TASK DIRECTIONS –
Output all of the lines below exactly, and leave out each image.

SOURCE DATA –
--
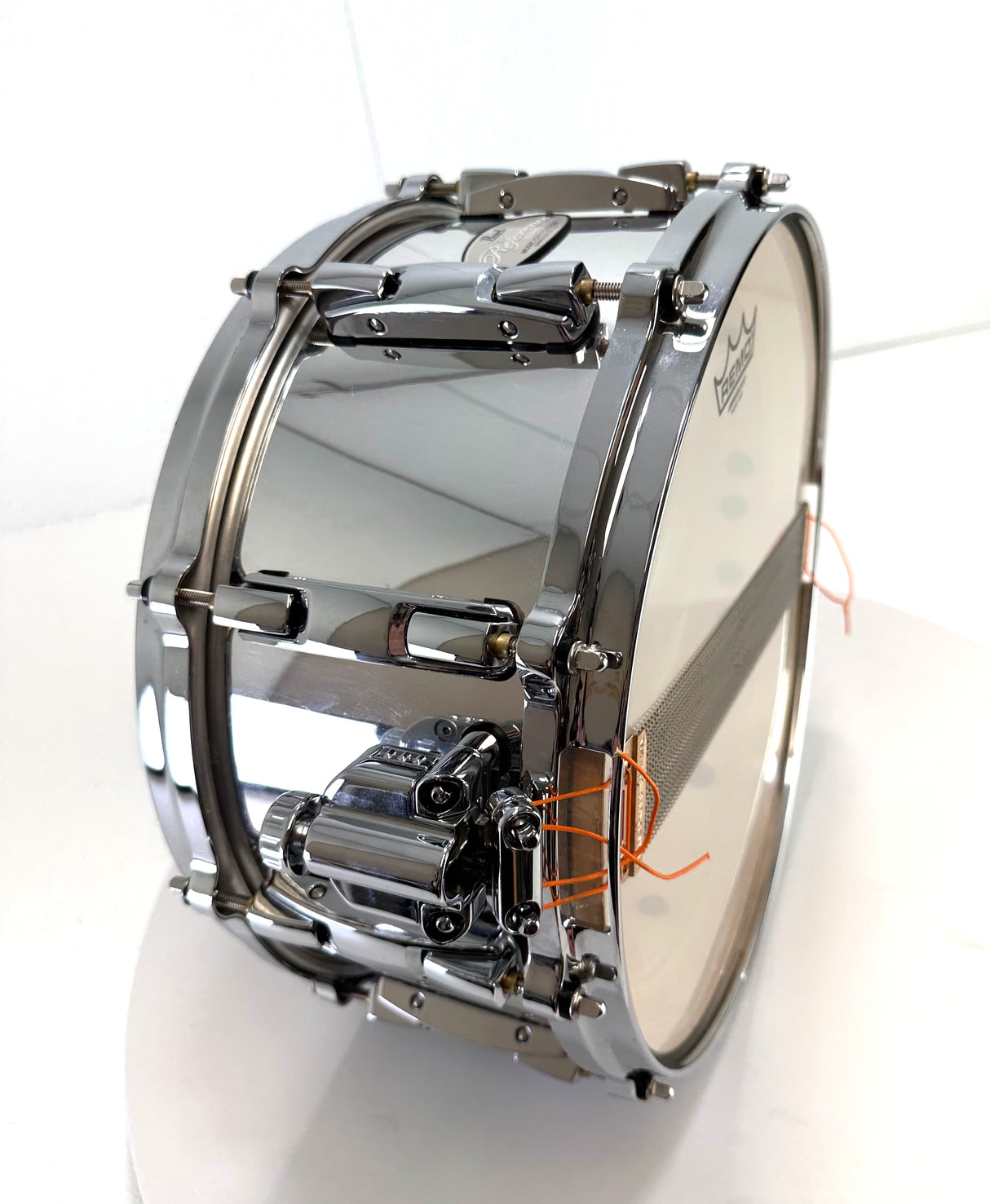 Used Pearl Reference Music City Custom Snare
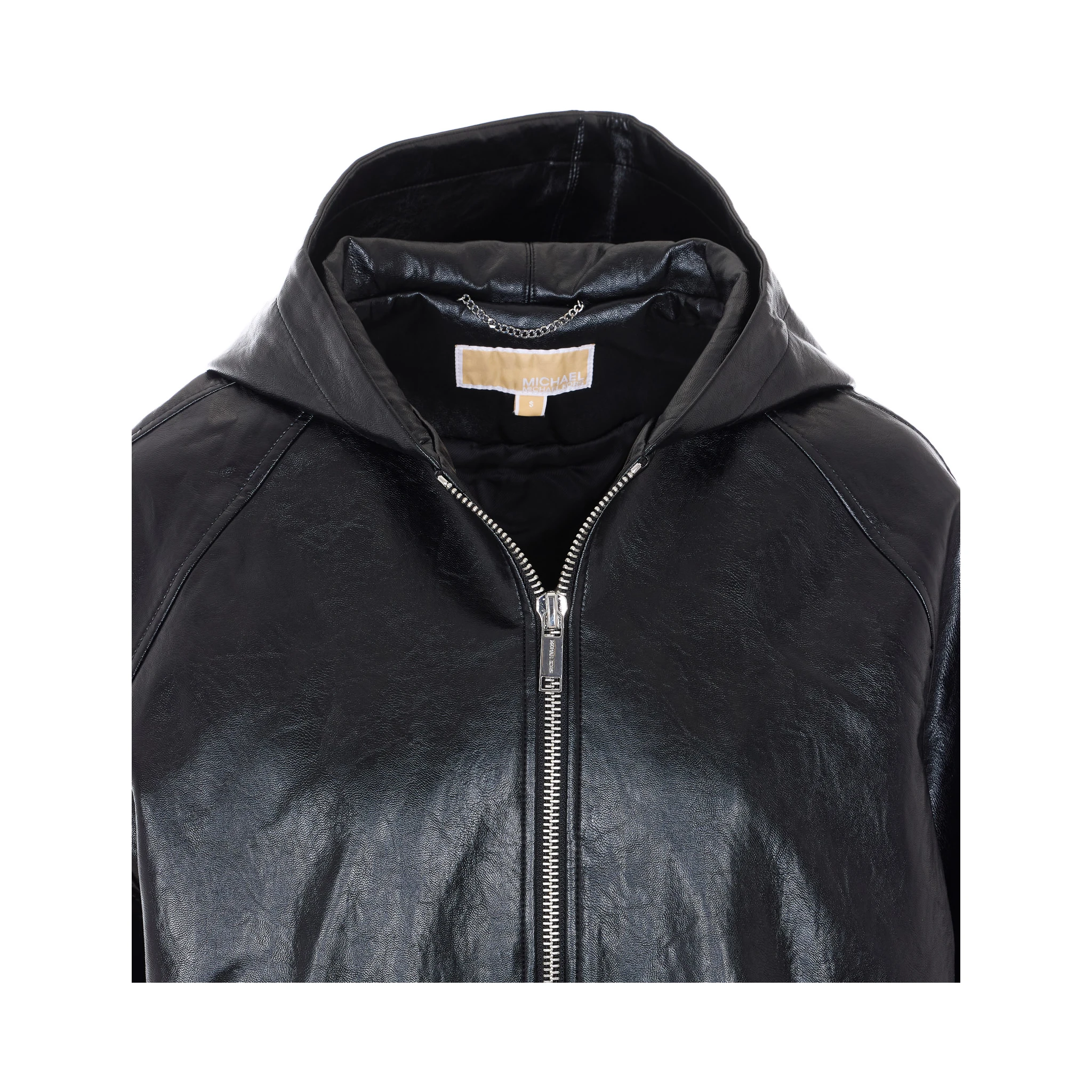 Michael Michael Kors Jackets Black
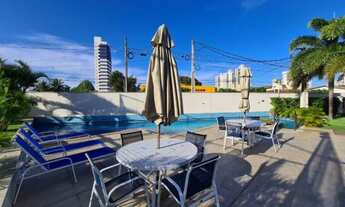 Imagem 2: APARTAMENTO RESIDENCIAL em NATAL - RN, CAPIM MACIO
--
RESPONSE AREA –
 Used Pearl Reference Music City Custom Snare
 Michael Michael Kors Jackets Black
 Imagem 2: APARTAMENTO RESIDENCIAL em NATAL - RN, CAPIM MACIO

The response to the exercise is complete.